Work request: The reply to the records below should contain exactly the lines from the line with "Salone - Villa" through the line with "1815 SE Morrison ST, Topeka, KS 66607", and nothing besides.

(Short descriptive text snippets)

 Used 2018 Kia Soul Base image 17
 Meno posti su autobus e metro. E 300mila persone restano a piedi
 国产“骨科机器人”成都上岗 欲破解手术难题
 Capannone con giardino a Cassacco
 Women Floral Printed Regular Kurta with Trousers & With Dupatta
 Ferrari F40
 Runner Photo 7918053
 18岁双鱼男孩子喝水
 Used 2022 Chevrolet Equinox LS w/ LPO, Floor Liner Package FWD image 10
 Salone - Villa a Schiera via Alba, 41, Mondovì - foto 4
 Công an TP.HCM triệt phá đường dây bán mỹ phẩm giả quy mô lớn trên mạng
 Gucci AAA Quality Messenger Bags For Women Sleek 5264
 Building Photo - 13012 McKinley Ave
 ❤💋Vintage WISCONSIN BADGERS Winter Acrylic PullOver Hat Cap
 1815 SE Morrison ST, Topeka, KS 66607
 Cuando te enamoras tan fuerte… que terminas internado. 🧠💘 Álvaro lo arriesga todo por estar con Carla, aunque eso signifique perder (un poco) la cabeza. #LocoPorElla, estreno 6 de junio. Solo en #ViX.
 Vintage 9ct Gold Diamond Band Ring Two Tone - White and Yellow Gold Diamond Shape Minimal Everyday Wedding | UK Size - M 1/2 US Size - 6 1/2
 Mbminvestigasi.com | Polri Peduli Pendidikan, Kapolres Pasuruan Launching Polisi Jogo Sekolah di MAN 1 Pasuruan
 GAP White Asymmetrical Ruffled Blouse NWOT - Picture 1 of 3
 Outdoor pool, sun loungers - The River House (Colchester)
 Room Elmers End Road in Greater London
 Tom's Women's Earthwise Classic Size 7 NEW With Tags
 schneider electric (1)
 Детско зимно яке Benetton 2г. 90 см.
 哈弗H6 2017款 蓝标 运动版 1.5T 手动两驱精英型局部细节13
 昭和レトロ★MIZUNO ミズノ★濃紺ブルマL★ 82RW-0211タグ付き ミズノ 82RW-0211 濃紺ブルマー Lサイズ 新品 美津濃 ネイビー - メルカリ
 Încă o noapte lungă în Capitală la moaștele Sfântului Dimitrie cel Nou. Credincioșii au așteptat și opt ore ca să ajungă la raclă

Final answer:
 Salone - Villa a Schiera via Alba, 41, Mondovì - foto 4
 Công an TP.HCM triệt phá đường dây bán mỹ phẩm giả quy mô lớn trên mạng
 Gucci AAA Quality Messenger Bags For Women Sleek 5264
 Building Photo - 13012 McKinley Ave
 ❤💋Vintage WISCONSIN BADGERS Winter Acrylic PullOver Hat Cap
 1815 SE Morrison ST, Topeka, KS 66607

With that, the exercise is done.